_RECORDS FOR THIS EXERCISE_.
⟨
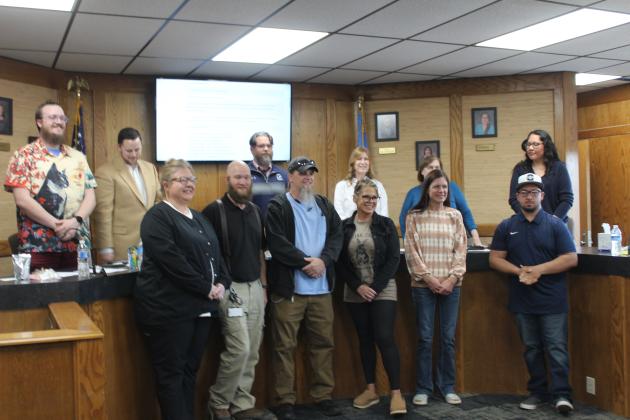 The Shawnee Public Schools Board of Education stands behind the Support Employees of the Year who were introduced during the April 7 meeting. They are, from left, Kristy Kellogg, Tom Wondrock, Adam Aloway, Letty Alvaredo, Cathleen Garnand and Sean Compton. Natasha Dunagan, Countywide &amp; Sun
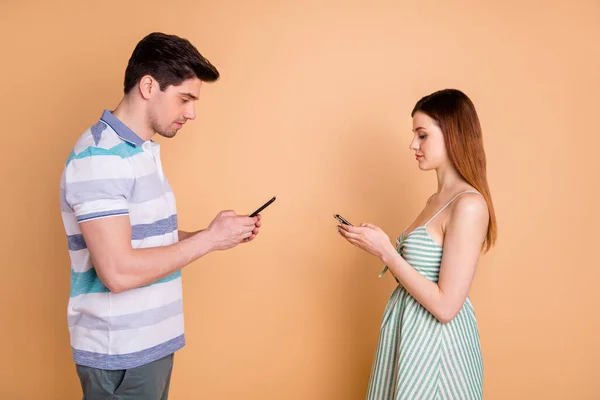 Profiel side photo of married couple man woman use cellphone read social media news feedback wear striped t-shirt jurk rok geïsoleerd over beige kleur achtergrond — Stockfoto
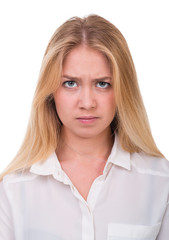 Closeup portrait of sad and depressed woman isolated on white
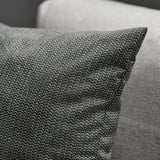 Close-up of soft, textured fabric pillow on a gray cushion, showcasing intricate weave and subtle shine.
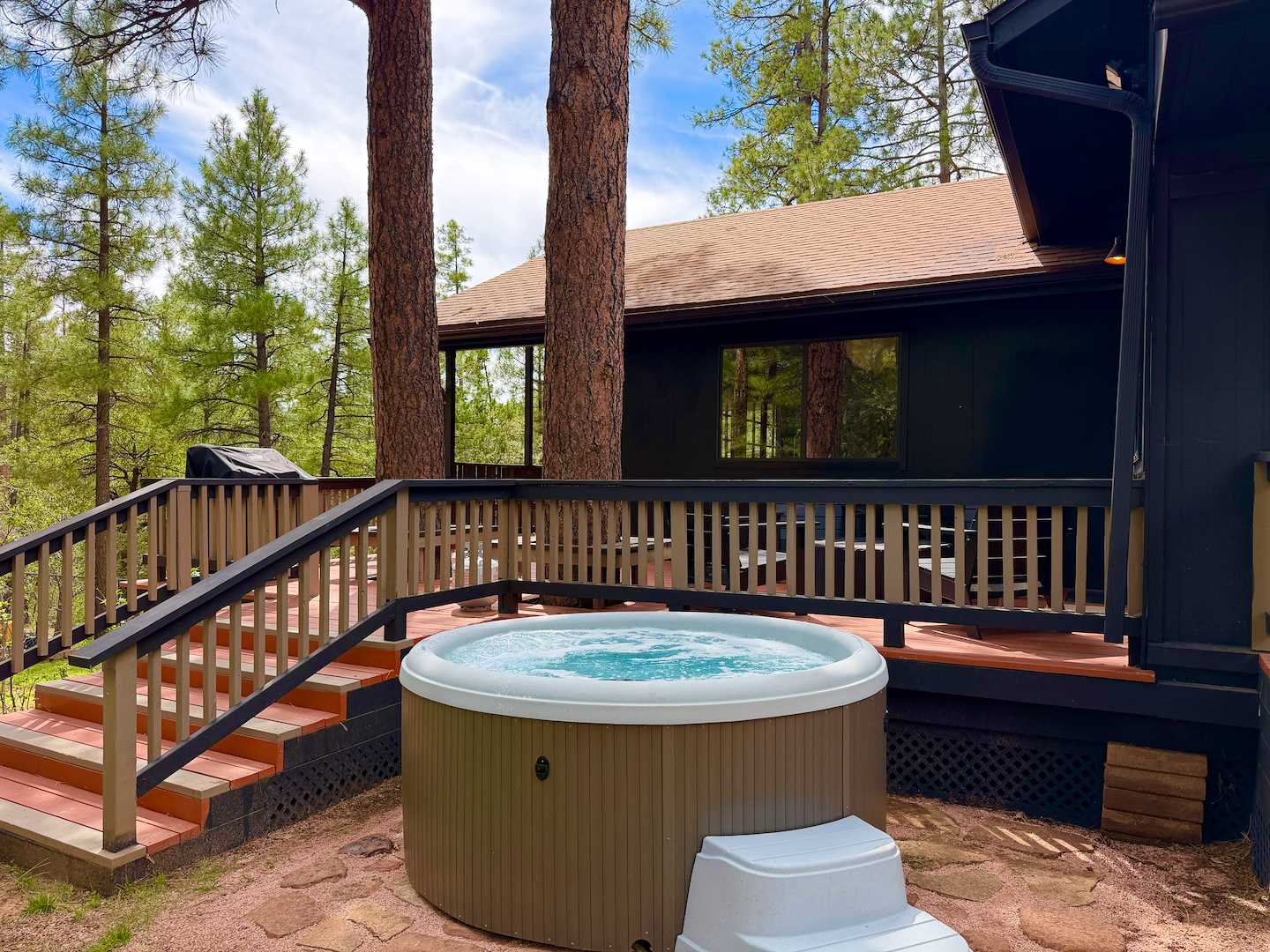 Private hot tub and forest-view deck for the ultimate cabin retreat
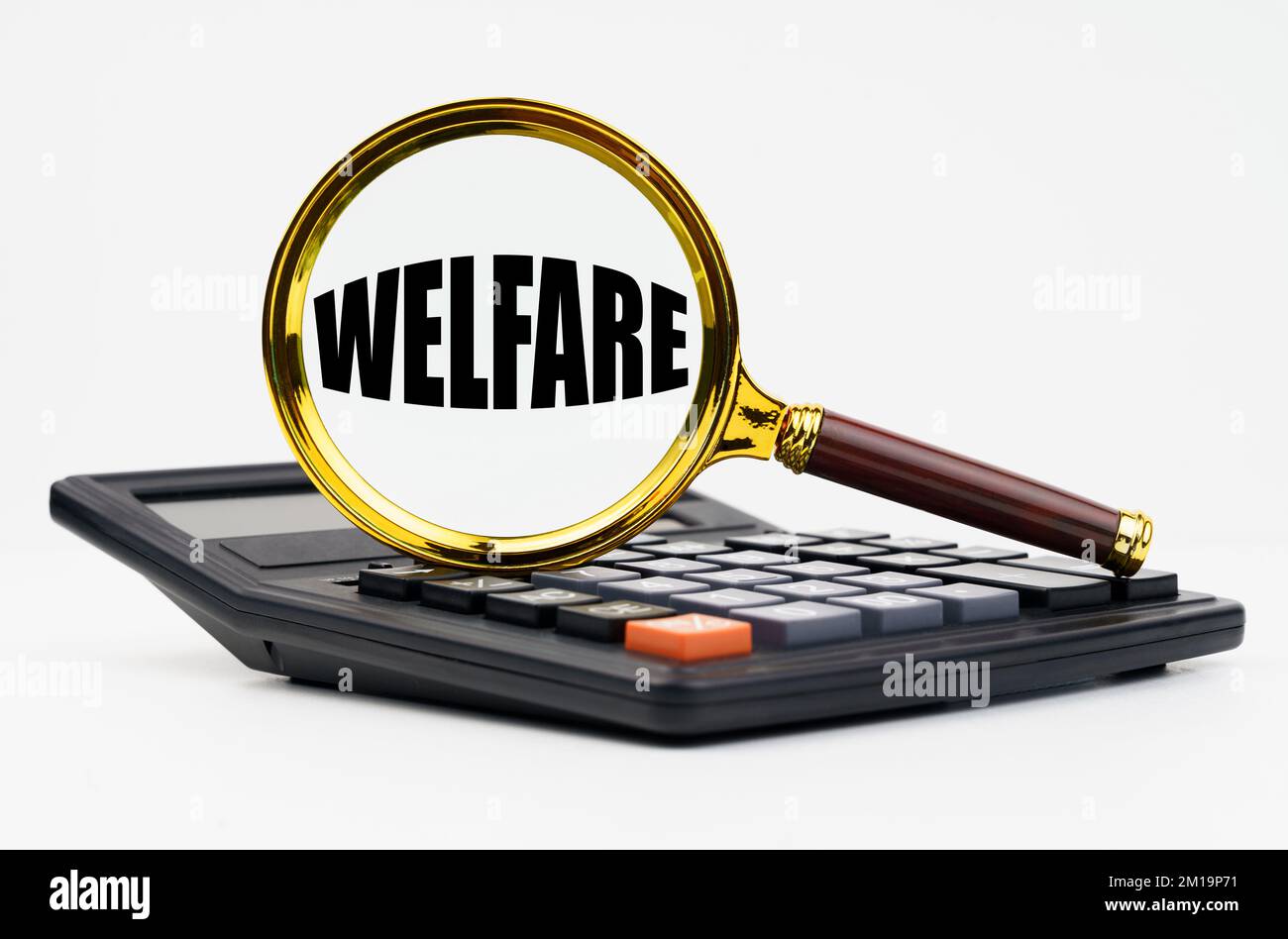 Finance and business concept. On a white background lies a calculator and a magnifying glass with the inscription - WELFARE Stock Photo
⟩
_EXERCISE BRIEF_. Leaving out all pictures, retype exactly the lines that run from the one containing "Closeup portrait of" through the last line of the material.

_RESULT OF THE EXERCISE_.
 Closeup portrait of sad and depressed woman isolated on white
 Close-up of soft, textured fabric pillow on a gray cushion, showcasing intricate weave and subtle shine.
 Private hot tub and forest-view deck for the ultimate cabin retreat
 Finance and business concept. On a white background lies a calculator and a magnifying glass with the inscription - WELFARE Stock Photo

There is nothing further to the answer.